Chacun le sait, lors de l’élaboration de ses lignes directrices de gestion (LDG), qui posent la stratégie de l’employeur en matière d’avancement et de promotion, la Région Nouvelle-Aquitaine a inscrit des conditions supplémentaires pour l’accès à certains grades. Pour mémoire, le législateur a déjà prévu, dans les décrets portant statut des différents grades de la Fonction Publique Territoriale, des conditions claires. Par exemple : pour être promouvable au grade Y il faut tant d’années de service, dans telles fonctions, etc.
La Région n’est pas la seule à avoir voulu rajouter ses propres critères. Lorsqu’en 2019 la loi de Transformation de la Fonction Publique leur en a donné la possibilité, beaucoup d’employeurs territoriaux ont décidé que le législateur s’était montré trop large, ou ressenti le besoin de corseter la masse salariale, et ont donc ajouté aux conditions du décret des conditions « maison ». A la Région Nouvelle-Aquitaine, par exemple, ce sont pour l’essentiel des conditions de fonction qui sont venues se rajouter à celles de grade et d’ancienneté prévues par les décrets. Ainsi, sur la catégorie A – qui concentre la plupart de ces conditions – l’accès à telle promotion ou à tel avancement n’est ainsi possible que si l’agent remplit les conditions statutaires ET qu’il occupe des fonctions d’encadrement de niveau sous-directeur, voire directeur.
Que les employeurs souhaitent décider de leur politique RH est une chose – c’est d’ailleurs raccord avec le pouvoir donné par le Code Général des Collectivités Territoriales à l’exécutif qui est libre de promouvoir et de nommer aux emplois. On comprend aussi que le critère de la fonction a l’avantage d’être simple à contrôler : un coup d’oeil sur l’organigramme suffit pour dire si l’agent encadre ou pas au niveau requis par les LDG. Mais la simplicité du critère ne l’empêche pas de soulever des difficultés, et de nous poser quelques questions.
Premier questionnement : si pour accéder au grade X il faut occuper le niveau de fonction Y, seule cette minorité d’agent peut donc prétendre à dérouler sa carrière. Pour tous les autres, c’est l’impasse. Non seulement cela impose la mobilité à des agents expérimentés, mais cela décourage les agents qui n’ont pas déjà décroché ce grade de rejoindre la collectivité.

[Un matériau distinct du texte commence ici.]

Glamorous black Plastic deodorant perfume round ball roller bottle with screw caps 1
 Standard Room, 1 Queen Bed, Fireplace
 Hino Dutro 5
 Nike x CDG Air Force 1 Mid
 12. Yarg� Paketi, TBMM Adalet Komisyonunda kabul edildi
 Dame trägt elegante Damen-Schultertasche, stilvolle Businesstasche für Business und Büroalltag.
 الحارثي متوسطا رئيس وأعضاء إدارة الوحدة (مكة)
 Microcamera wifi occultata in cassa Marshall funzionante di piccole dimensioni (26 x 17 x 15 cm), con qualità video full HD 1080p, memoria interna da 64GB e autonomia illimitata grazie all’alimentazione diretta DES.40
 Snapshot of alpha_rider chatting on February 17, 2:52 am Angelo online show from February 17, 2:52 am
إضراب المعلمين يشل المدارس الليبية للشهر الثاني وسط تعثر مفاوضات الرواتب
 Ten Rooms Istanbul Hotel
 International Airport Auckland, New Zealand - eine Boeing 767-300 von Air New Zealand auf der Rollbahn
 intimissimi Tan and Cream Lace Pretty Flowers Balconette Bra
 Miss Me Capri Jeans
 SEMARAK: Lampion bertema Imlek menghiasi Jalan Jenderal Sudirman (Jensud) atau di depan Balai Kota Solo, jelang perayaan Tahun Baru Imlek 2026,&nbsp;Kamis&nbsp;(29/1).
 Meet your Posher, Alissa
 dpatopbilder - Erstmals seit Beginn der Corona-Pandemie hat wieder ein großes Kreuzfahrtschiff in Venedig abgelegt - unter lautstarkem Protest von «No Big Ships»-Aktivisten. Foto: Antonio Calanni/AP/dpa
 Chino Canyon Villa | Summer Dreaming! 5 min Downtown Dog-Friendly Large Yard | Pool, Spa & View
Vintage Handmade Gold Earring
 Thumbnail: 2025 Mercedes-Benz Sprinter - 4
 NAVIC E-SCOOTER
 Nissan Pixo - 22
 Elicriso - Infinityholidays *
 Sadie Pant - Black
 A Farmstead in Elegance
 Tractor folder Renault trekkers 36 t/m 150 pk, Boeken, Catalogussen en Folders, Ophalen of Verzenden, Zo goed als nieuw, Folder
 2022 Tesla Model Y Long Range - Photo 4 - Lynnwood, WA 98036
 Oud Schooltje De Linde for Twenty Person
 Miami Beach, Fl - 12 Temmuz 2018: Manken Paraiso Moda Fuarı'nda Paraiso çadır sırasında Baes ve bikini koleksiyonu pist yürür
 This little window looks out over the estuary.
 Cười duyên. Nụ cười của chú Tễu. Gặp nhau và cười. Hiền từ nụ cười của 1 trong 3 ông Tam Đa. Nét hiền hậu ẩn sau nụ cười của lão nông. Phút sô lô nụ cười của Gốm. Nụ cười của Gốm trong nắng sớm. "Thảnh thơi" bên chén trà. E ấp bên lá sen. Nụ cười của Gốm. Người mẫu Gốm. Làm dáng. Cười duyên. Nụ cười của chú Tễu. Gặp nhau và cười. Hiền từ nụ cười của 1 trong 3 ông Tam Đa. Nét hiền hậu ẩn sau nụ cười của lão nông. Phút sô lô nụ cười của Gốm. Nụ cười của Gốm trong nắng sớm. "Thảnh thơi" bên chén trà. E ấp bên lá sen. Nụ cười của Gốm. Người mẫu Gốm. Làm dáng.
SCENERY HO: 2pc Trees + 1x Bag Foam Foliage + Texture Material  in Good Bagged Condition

Alors que les vagues de départ à la retraite vont amener toutes les collectivités à jouer les chasseurs de têtes pour attirer et fidéliser des agents, pas sûr que cet obstacle au déroulement de carrière soit un élément très attractif ni très fidélisant de la marque employeur.
Second questionnement : d’un côté les employeurs territoriaux conditionnent l’accès au grade à l’exercice d’une fonction, mais de l’autre on voit qu’ils font aussi (et en même temps) l’inverse, en choisissant les grades qui conditionnent la recevabilité des candidatures à la fonction en question. On arrive à la situation où il faut déjà être directeur pour prétendre au grade X, mais où en même temps la détention du grade X est un plus pour être nommé directeur. L’effet est pénalisant pour les candidatures internes et même, d’une façon générale, sur les candidatures statutaires. A nouveau, ça ne nous semble pas idéal en termes d’attractivité de la Fonction Publique.
Enfin un dernier questionnement sur cette pratique de la condition de fonction. En faisant de l’exercice effectif des fonctions d’encadrement la condition sine qua non pour être promu ou avancé en grade, on s’interdit de regarder la carrière de l’agent. De nombreux agents publics ont encadré dans leurs fonctions précédentes, que ce soit ou non chez leur employeur actuel. Ils l’ont fait parfois pendant des années, avec parfois avec des équipes très importantes. Puis ces agents ont bifurqué, et pris un poste sans encadrement mais qui n’en est pas forcément moins essentiel ou moins complexe. Ne tenir compte que de leur place sur l’organigramme l’année de leur éventuelle promotion, c’est voir les choses par le mauvais bout de la lorgnette.
Pour revenir à notre situation au sein de la collectivité régionale, la FA-FPT souhaite voir levés ces obstacles supplémentaires au déroulement de la carrière. Ces conditions supplémentaires n’ajoutent rien à la liberté de l’Exécutif, mais peuvent finir par convaincre des collègues que la voie de l’évolution de leur carrière leur est définitivement barrée dans notre collectivité. En ne faisant plus de l’exercice effectif de tel ou tel niveau d’encadrement l’alpha et l’omega de l’accès aux hauts grades territoriaux, en tenant compte de l’expertise et de tout le parcours, et en ouvrant de plus larges perspectives de déroulement de carrière, il nous semble que la Nouvelle-Aquitaine ferait un investissement utile dans ses forces vives.